◆ Work request:
Write out, exactly and in full, the line where "The man waves" appears together with all lines that follow it in the entries below. Do not include pictures.

+ + + +

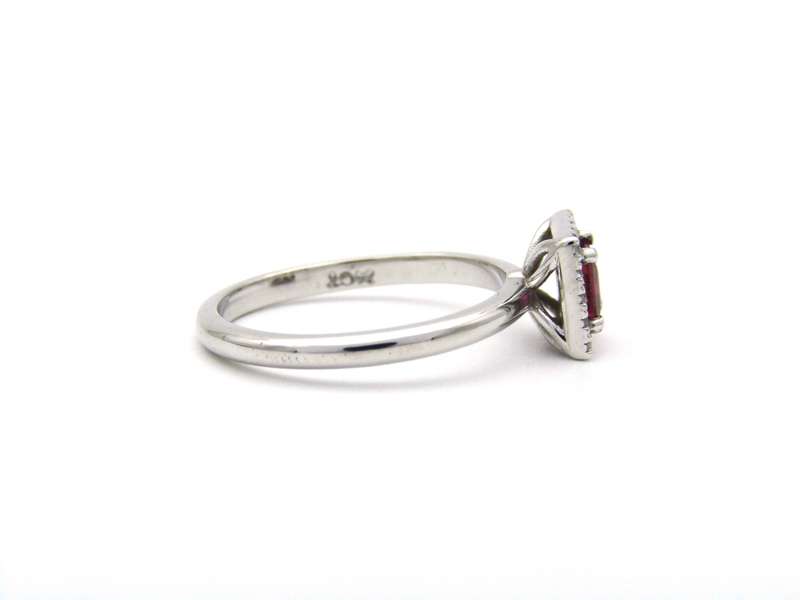 14K gold ruby and diamond halo ring.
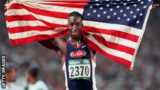 Michael Johnson holding the US flag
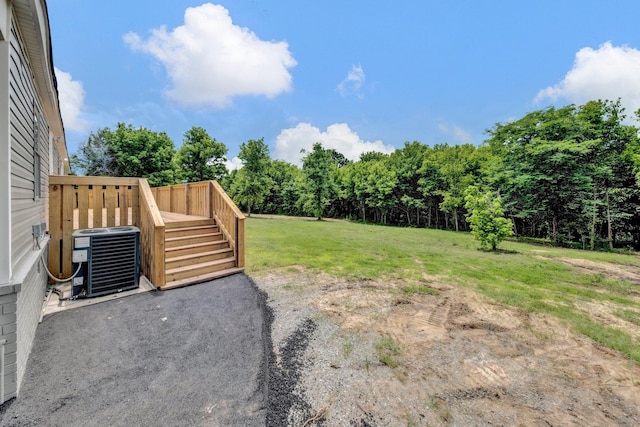 229 Coats Rd, Brighton, TN 38011 - view of grassy yard with central AC unit and stairway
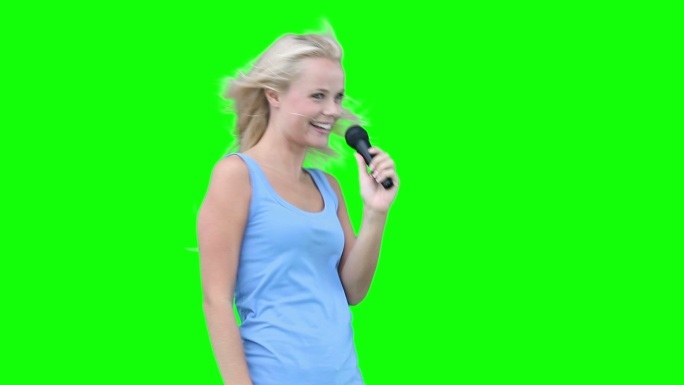 一个金发女人在绿色背景下对着麦克风唱歌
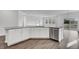 Kitchen island with granite counters, stainless steel dishwasher and a view into the dining area at 511 Verdi Dr, Summerville, SC 29486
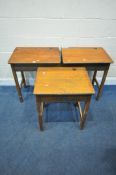 A PAIR OF OAK SCHOOL DESKS, with a hinged storage compartment, width 62cm x depth 46cm x height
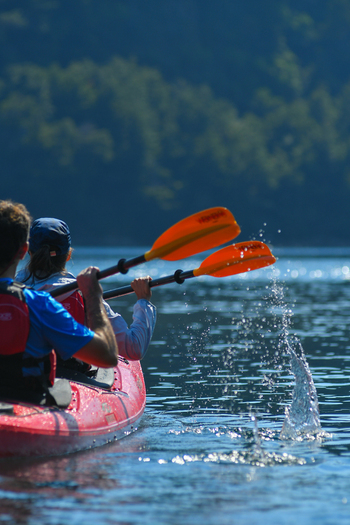 View of people paddling a red kayak on the blue waters of Nahuel Huapi Lake with forested hills in the background San Carlos de Bariloche Rio Negro Argentina. View of people paddling a red kayak on the blue waters of Nahuel Huapi Lake with forested hills in the background San Carlos de Bariloche Rio Negro Argentina.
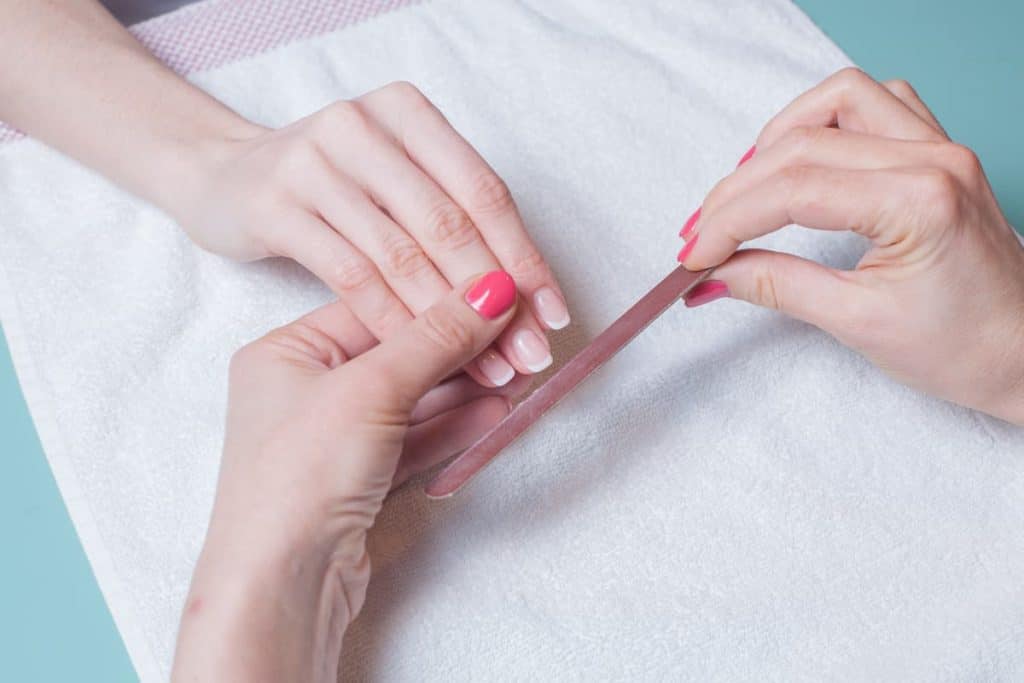 nail technician filing woman's fingernails with a solar nail or french tip manicure
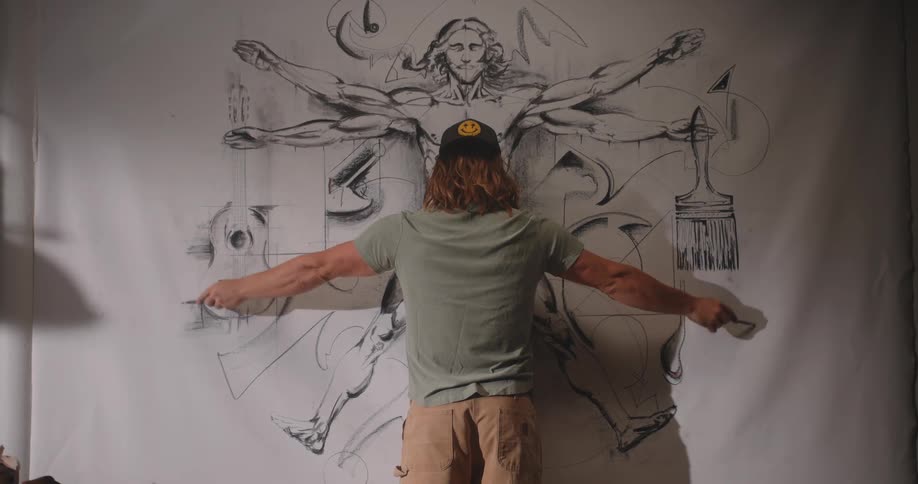 The man waves his arms around the artwork on the mural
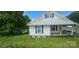 Charming home with white siding, metal roof, black shutters, and manicured lawn at 804 N Main St, Oakboro, NC 28129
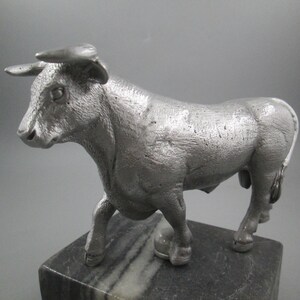May include: A silver metal bull figurine standing on a black and white marble base.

+ + + +

◆ Result of the task:
 The man waves his arms around the artwork on the mural
 Charming home with white siding, metal roof, black shutters, and manicured lawn at 804 N Main St, Oakboro, NC 28129
May include: A silver metal bull figurine standing on a black and white marble base.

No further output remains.